За католической Польшей открывалась вся Европа. И как прежде Владимир крестил Русь, определив ей место среди других христианских народов, так и теперь «тишайший» самодержец Московский Алексей Михайлович взял ориентир на образование и просвещение своего государства, чтобы сделаться достойным царем всего православного мира среди иных европейских христиан. Наиболее приближенные к царю бояре с явно «западнической» ориентацией составили ему в этом деле надежную опору. В.О. Ключевский так описывает это царское окружение: «При дворе составляется кружок влиятельных любителей западноевропейского комфорта и даже образования: дядя царя Алексея, ласковый и веселый Никита Иванович Романов, первый богач после царя и самый популярный из бояр, покровитель и любитель немцев, большой охотник до их музыки и костюма и немножко вольнодумец; потом воспитатель и свояк царя Борис Иванович Морозов, в преклонных летах горько жаловавшийся на то, что в молодости не получил надлежащего образования,...окольничий Федор Михайлович Ртищев, ревнитель наук и школьного образования; начальник Посольского приказа, образованный дипломат Афанасий Лаврентьевич Ордин-Нащокин; его преемник, боярин Артамон Сергеевич Матвеев, дьячий сын, другой любимец царя, первый москвич, открывший в своем по-европейски убранном доме нечто вроде журфиксов, собрания с целью поговорить, обменяться мыслями и новостями, с участием хозяйки и без попоек, устроитель придворного театра»1.

Боярин Ф.М. Ртищев основал на свои деньги, но с царева соизволения, в Андреевском монастыре под Москвой монастырскую школу, пригласив туда киево-могелянских ученых монахов, «серых и заурядных», как их определяет Карташев. Но приглашенные царем из той же академии и из Печерской лавры Епифаний Славинецкий, Арсений Сатановский и Дамаскин Птицкий стали опорой царя в деле осторожного и постепенного внедрения на Русь школьного образования и исправления книг для подготовки их к печати на Печатном дворе. «Западно-русский православный монах, выученный в школе латинской или в русской, устроенной по ее образцу, и был первым проводником западной науки, призванным в Москву»2.
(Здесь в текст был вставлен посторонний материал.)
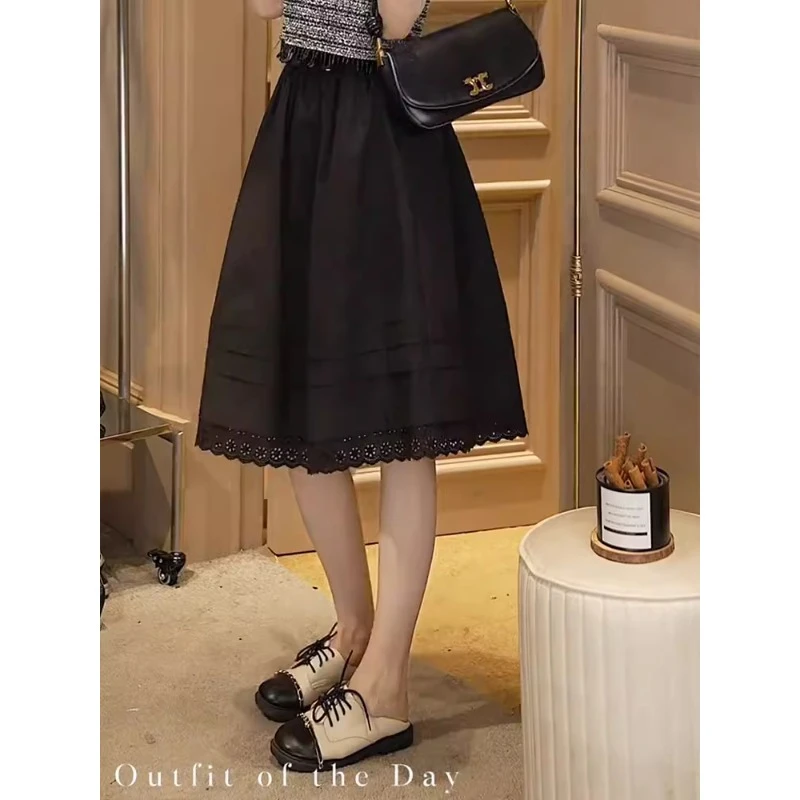 法式小香风时髦赫本风高腰a字半身裙女秋季复古气质百搭中长裙子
Скрывавшаяся за православной ученостью киевлян латинская структура обучения не могла стать популярной среди московского духовенства. Скорее всего самого Симеона Полоцкого имел в виду Епифаний Славенецкий, занимавшийся переводами и сверками при исправлении служебных книг, когда жаловался: «Наши киевляне учились и учатся только по латыни и чтут книги только латинские и оттуда мудрствуют, а гречески не учились и книг греческих не чтут и того ради истины не ведают»3. Известный своими грекофильскими взглядами Епифаний все же, очевидно, говорил правду. Во всяком случае книжная справа, ставшая основанием раскола, осуществлялась с печатных греческих венецианских изданий, что было известно старообрядцам. Один из пустозерских узников дьякон Федор в своем «увещательном посланиий к царю Алексею о многих сокровенных тайнах церковных, и о новых ересях на дванадесяти столпцах»1, написанным «покойною рукой», т.е. той, которую затем отрубили вместе с языком, писал о книгах, которые велел купить патриарх Никон в Греции, «с коих ныне зде переводятъ, словут греческия, а там печатают те книги подъ властию богоотступнаго папы римскаго въ трехъ градехъ: въ Риме, въ Париже и въ Венеции, греческим языкомъ, но не по древнему благочестию. Того ради и зде нынешныя (переведенныя) съ старыми несогласны, государь, и велия смута»2. Как видим, латинством грешили не только малороссы, но и греки.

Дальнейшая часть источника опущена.